The Department of Labor’s Deregulatory Agenda Attacks All Workers 

This statement can be attributed to Lorena Roque, Interim Director of Education, Labor, and Worker Justice of the Center for Law and Social Policy (CLASP)  

Washington, D.C., July 16, 2025 – Last week, U.S. Department of Labor (DOL) Secretary Lori Chavez-DeRemer announced the department’s deregulatory efforts, which include 63 actions that will harm workers and working families. 

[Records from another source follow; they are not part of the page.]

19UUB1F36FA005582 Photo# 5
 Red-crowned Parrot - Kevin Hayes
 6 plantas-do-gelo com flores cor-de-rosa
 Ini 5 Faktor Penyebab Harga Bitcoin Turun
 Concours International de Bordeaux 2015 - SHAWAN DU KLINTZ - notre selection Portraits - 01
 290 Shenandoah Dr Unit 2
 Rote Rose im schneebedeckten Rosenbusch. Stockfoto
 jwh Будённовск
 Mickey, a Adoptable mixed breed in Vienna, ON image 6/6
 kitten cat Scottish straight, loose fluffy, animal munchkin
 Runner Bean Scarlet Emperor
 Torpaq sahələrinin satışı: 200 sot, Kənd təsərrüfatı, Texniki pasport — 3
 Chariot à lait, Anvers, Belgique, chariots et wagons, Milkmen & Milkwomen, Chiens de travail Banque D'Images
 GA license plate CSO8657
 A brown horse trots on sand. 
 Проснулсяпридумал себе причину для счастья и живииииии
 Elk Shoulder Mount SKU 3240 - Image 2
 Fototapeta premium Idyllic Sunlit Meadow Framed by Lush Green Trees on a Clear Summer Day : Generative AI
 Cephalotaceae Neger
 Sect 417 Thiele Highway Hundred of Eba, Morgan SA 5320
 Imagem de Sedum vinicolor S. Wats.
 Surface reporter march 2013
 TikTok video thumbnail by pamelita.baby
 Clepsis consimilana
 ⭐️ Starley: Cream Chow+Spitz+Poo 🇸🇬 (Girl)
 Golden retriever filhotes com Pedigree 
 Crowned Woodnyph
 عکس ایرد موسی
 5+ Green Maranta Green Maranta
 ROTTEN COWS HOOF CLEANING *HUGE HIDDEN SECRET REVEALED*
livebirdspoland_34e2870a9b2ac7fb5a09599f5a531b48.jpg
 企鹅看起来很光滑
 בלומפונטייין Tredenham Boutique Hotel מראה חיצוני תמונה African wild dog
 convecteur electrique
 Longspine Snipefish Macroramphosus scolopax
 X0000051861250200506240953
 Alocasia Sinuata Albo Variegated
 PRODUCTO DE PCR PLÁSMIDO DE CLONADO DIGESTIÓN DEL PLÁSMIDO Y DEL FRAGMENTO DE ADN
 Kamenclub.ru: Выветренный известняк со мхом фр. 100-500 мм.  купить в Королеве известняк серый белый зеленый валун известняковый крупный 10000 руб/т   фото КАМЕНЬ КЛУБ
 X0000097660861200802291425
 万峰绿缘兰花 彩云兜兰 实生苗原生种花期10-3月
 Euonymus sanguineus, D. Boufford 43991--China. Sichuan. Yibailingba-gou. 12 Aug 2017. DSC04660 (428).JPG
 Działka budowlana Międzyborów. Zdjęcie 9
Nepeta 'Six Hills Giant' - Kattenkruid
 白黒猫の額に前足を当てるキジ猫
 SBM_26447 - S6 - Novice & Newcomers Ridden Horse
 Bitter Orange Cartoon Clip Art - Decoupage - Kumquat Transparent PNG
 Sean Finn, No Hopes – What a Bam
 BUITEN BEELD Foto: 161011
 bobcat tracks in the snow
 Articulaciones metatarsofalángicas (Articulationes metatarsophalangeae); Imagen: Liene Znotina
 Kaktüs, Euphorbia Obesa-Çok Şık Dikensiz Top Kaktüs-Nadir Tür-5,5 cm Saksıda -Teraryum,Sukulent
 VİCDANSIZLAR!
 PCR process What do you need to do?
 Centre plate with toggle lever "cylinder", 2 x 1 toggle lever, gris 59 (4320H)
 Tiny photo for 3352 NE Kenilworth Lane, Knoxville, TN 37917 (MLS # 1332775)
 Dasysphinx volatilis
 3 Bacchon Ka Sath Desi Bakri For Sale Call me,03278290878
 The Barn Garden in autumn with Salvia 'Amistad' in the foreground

Under the guise of “putting the American worker first,” the DOL’s plan in the Wage and Hour department includes eliminating minimum wage and overtime protections for millions of home health care and domestic workers under the Fair Labor Standards Act (FLSA), while also proposing to classify caregivers as exempt from FLSA minimum wage and overtime protections. Coming at a time when families are already in a child care and caregiving crisis, these proposed cuts only exacerbate the precariousness of these jobs and their already low wages. DOL also plans to rescind Biden-era proposed rules aimed at ending subminimum wages for workers with disabilities and the right to collective action for Seasonal H-2A visas. 

On worker safety protections, DOL intends to revise reporting thresholds, training mandates, and change enforcement priorities and inspection frequencies at the Occupational Safety and Health Administration (OSHA). This proposed rule would limit OSHA’s capacity to oversee work that is inherently hazardous, like the sports and entertainment industries. The DOL also plans to deregulate respiratory protection requirements and substance-specific safety standards in high-risk industries and remove some OSHA regulations entirely for migrant farmworkers, including a longstanding rule that outlines the internal procedures of DOL for coordinating enforcement action among OSHA, the Wage and Hour Division, and the Employment and Training Administration. The agency also proposes slashing critical workplace safety standards in the construction field that deal with hazard prevention and the informed development of safety rules.

The Trump Administration recently announced its goal of creating over 1 million apprenticeships for workers in the country. At the same time, by rescinding affirmative action requirements for these programs, the administration is destroying the labor infrastructure it claims to want to build up. This is only the latest attack on workers and working families from the Trump Administration, which has used numerous executive orders and immigration enforcement to attack unions and their leaders. 

We urge our partners and allies to submit public comments where possible and join us in opposing efforts to strip away essential protections from working families and undermine labor unions that fought hard to secure the rights we have as workers in this country.